Le 25 septembre 2014, le tribunal d’instance de Soissons (Aisne) a condamné la Lyonnaise des Eaux, filiale de Suez-Environnement,  à verser 5680 € de dommages et intérêts à une mère de famille pour lui avoir illégalement coupé l’eau pendant un mois et demi.

Pour statuer, le juge s’est appuyé sur une loi récente, la loi Brottes du 15 avril 2013 - dont le décret d’application est paru en février 2014 - venue modifier l’article L 115-3 du Code de l’action sociale et des familles et qui interdit aux fournisseurs d’électricité, de chaleur et de gaz d’interrompre la fourniture de leur service dans une résidence principale, pour non-paiement des factures, du 1er novembre de chaque année au 15 mars de l’année suivante. Ces dispositions s’appliquant aux distributeurs d’eau tout au long de l’année.

Pas de coupure pour les clients de bonne foi

Le juge rappelle ainsi que le « client d’un distributeur d’eau, qui est de bonne foi, mais qui, compte tenu de l’existence d’une situation financière très obérée, est en retard dans le règlement de ses factures, a, en vertu de son droit fondamental à l’eau, le droit d’obtenir une aide de la collectivité publique pour disposer du maintien de la fourniture d’eau dans sa résidence principale, ou, à défaut, le droit de réclamer un plan d’apurement de sa dette auprès de son fournisseur, qui ne peut pas interrompre la fourniture d’eau si cet usager respecte les modalités de paiement de celle-ci qui ont été convenues entre les parties. » Et de préciser, à toutes fins utiles que « cette interprétation du texte légal ne saurait cependant pas être étendue au client de mauvaise foi, dont les ressources financières suffisantes lui permettraient d’honorer sans difficulté le paiement intégral des factures… » Ce jugement – c’est une première – vient donc rappeler aux distributeurs d’eau qu’il leur est interdit de couper l’alimentation en eau dans une résidence principale en cas d’impayés, sauf lorsque la mauvaise foi du client a pu être établie. Ce qui n’était pas le cas, en l’espèce.

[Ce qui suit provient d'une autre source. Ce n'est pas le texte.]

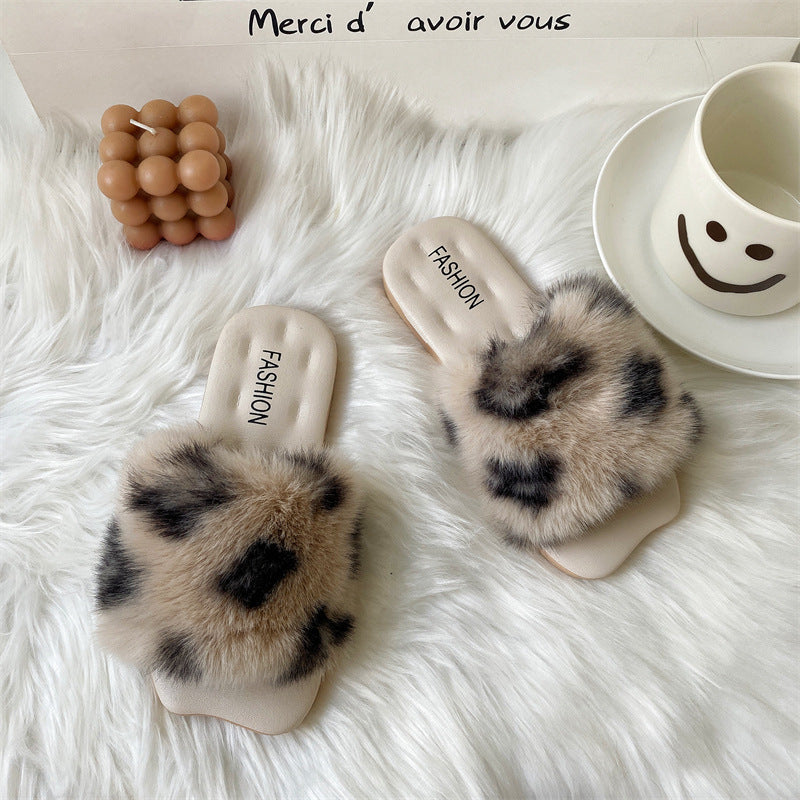 Fuzzy Faux Fur Leopard Print Slippers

Echéancier respecté, eau toujours coupée

Mère divorcée avec deux enfants de 6 et 16 ans à charge et engagée dans un plan de surendettement, la plaignante devait 646 € à son fournisseur qui lui a coupé l’eau le 28 juillet 2014. Les deux parties ont convenu d’un échéancier, que la mère de famille a respecté, en août, et en septembre, mais la fourniture d’eau n’a pas été rétablie. Il a fallu attendre le 15 septembre, jour où elle a assigné son distributeur d’eau en justice, avec deux associations – la Fondation France Libertés et la Coordination eau Ile-de-France - à ses côtés, pour que celui-ci rouvre le branchement d’eau.

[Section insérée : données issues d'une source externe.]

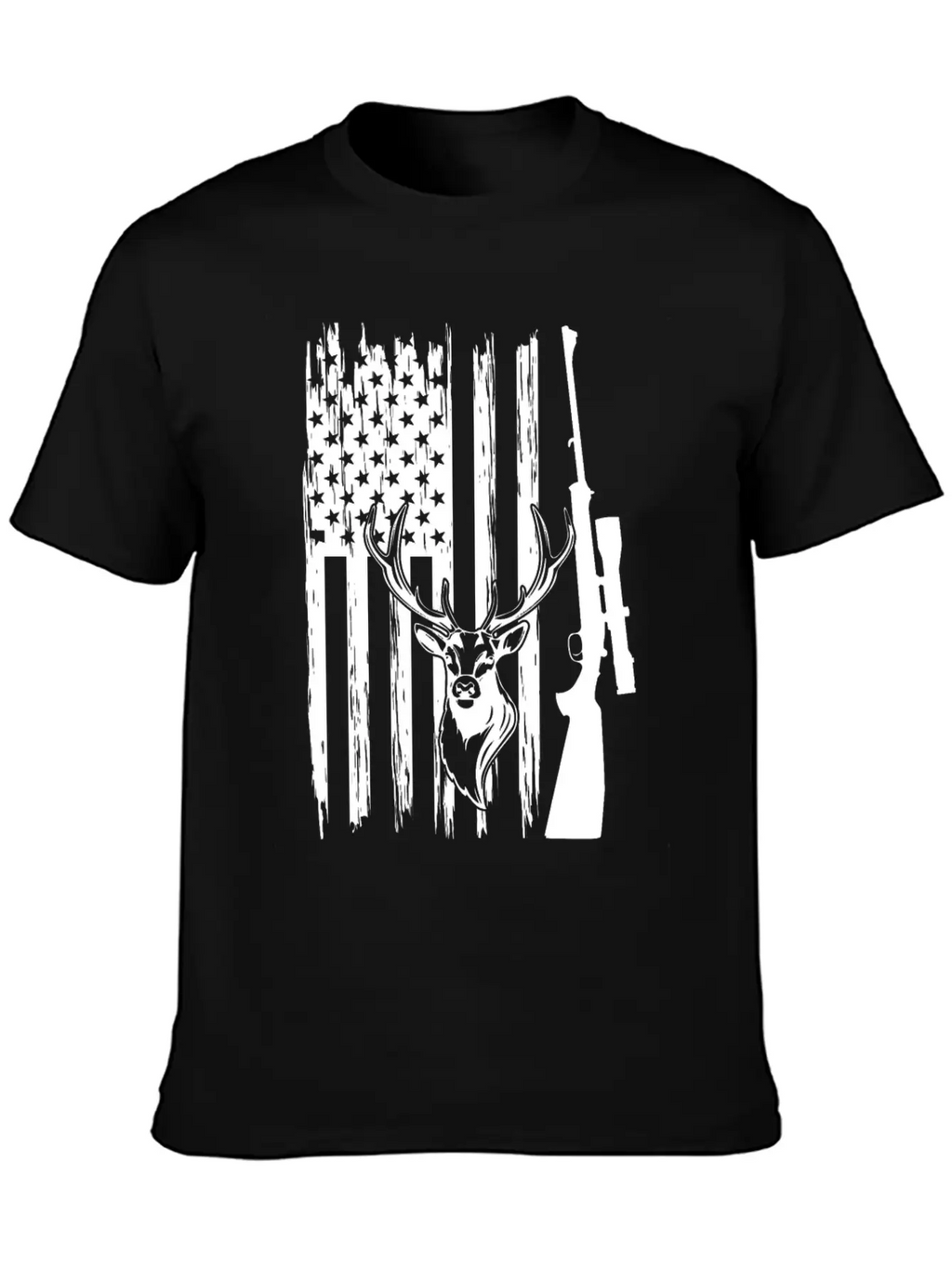 Deer Hunting Deer Head America Flag Deer Hunter Unisex Casual T-Shirt – Clean Design For Daily Comfort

« La Lyonnaise des Eaux n’allègue ni ne prouve aucun élément qui serait susceptible d’établir sa mauvaise foi concernant sa réelle volonté de s’acquitter du règlement de ses factures », a estimé le juge. Et bien que l’eau ait été rétablie en septembre, il a considéré que la mère de famille avait subi un préjudice moral et matériel du fait de cette coupure d’eau « illégalement mise en œuvre » et ainsi condamné la Lyonnaise des eaux à lui verser des dommages et intérêts à ce titre.

Un jugement qui fait date

La CLCV partage et soutient l’interprétation faite par le juge de cet article L 115-3 du Code de l’action sociale et des familles qui garantit le droit fondamental à l’eau à toute personne de bonne foi. Une réécriture de ce texte, comme certains en font la demande, est parfaitement injustifiée.